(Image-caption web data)
§

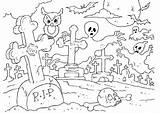 Cementerio Cimitero Friedhof Kerkhof Malvorlage Graveyard Miedo Kleurplaten Ausmalbild Educima Schulbilder sketch template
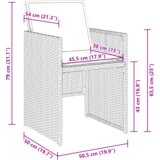 vidaXL 5-dijelni set za objedovanje u vrtu s jastučićima, siva poli ratan, vrtni stol, crn 160x80x73 cm od kaljenog stakla | shoptok.hr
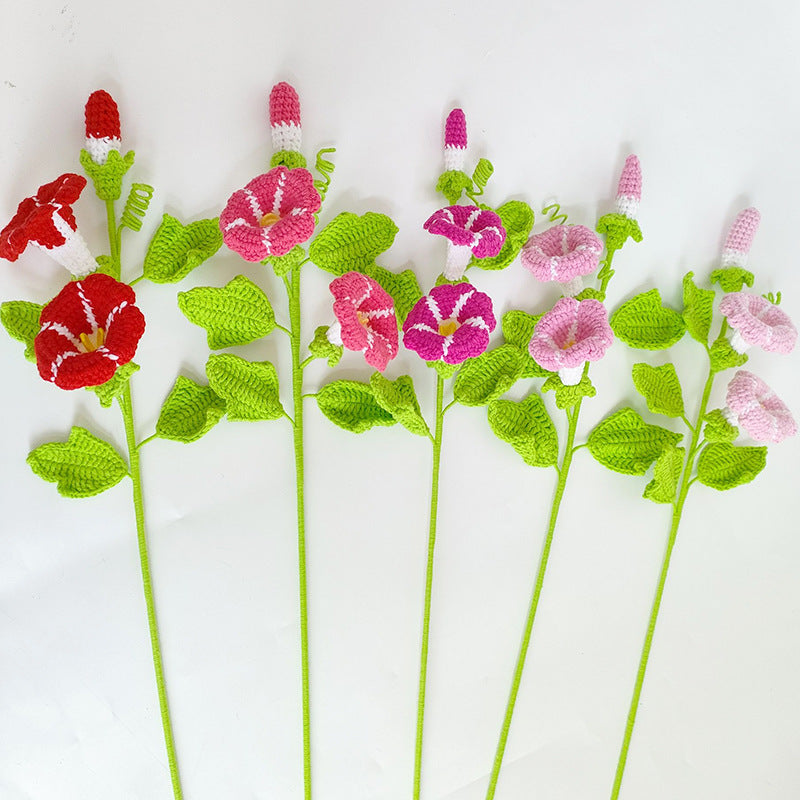Handmade Crochet Morning Glory Bouquet: Wilt-Proof, Hypoallergenic Gift for Spring Decor, Holidays & Housewarming - Mia-yarnwhiper
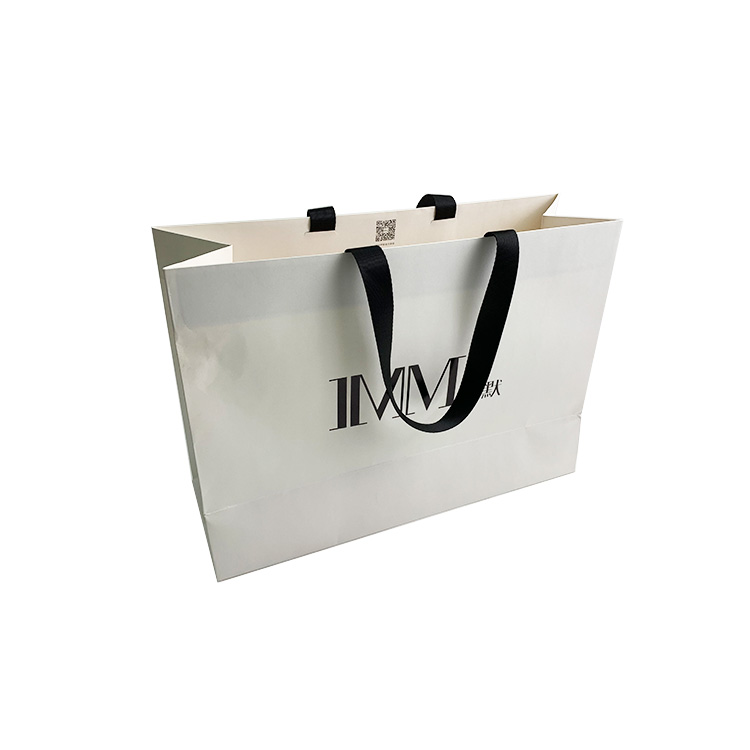 Custom shopping garment packaging white paper bag with ribbon handle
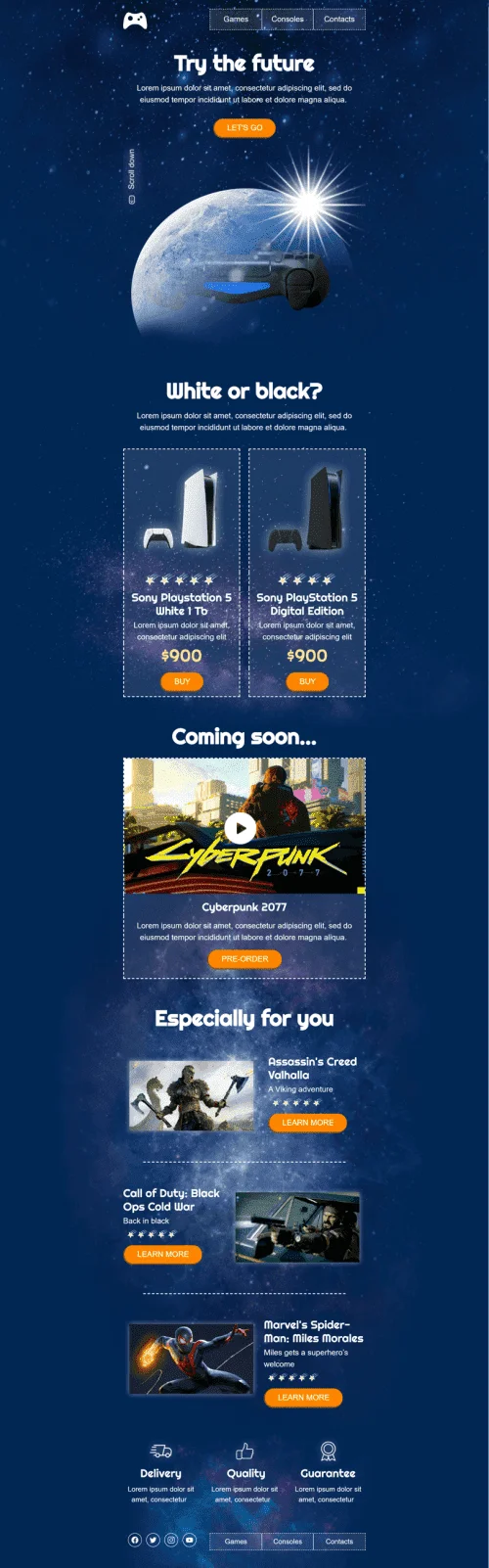 Promo Email Template "Try the future" for Software & Technology industry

§

What is needed. The lines above must be transcribed exactly, with every picture left out.

Result of the exercise.
 Cementerio Cimitero Friedhof Kerkhof Malvorlage Graveyard Miedo Kleurplaten Ausmalbild Educima Schulbilder sketch template
 vidaXL 5-dijelni set za objedovanje u vrtu s jastučićima, siva poli ratan, vrtni stol, crn 160x80x73 cm od kaljenog stakla | shoptok.hr
Handmade Crochet Morning Glory Bouquet: Wilt-Proof, Hypoallergenic Gift for Spring Decor, Holidays & Housewarming - Mia-yarnwhiper
 Custom shopping garment packaging white paper bag with ribbon handle
 Promo Email Template "Try the future" for Software & Technology industry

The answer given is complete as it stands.